= About this task =
Take the lines from the beginning of the data below through the line holding "l4 4919 Aluminum" and return exactly those.

= Given information =
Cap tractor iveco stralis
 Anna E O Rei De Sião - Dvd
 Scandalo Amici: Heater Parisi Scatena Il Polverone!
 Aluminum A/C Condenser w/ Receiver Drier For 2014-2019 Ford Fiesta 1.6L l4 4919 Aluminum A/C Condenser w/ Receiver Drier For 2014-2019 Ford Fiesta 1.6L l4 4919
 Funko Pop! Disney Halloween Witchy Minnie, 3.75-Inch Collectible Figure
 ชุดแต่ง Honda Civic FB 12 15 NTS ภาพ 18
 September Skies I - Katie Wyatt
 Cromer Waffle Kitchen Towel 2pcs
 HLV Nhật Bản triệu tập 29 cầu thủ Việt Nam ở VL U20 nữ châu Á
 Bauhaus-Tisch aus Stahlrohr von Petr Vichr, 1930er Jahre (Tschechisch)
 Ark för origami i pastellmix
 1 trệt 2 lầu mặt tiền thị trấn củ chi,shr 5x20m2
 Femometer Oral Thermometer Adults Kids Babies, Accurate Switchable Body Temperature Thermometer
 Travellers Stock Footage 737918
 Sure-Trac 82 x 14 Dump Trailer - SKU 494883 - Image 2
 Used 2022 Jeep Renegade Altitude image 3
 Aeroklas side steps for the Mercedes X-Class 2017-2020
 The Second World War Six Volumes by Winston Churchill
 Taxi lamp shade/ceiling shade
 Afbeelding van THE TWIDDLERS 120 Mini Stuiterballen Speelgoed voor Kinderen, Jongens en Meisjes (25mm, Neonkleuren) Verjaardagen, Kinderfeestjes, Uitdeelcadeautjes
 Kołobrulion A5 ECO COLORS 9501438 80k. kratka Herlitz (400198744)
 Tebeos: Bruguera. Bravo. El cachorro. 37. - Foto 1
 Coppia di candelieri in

= Output =
Cap tractor iveco stralis
 Anna E O Rei De Sião - Dvd
 Scandalo Amici: Heater Parisi Scatena Il Polverone!
 Aluminum A/C Condenser w/ Receiver Drier For 2014-2019 Ford Fiesta 1.6L l4 4919 Aluminum A/C Condenser w/ Receiver Drier For 2014-2019 Ford Fiesta 1.6L l4 4919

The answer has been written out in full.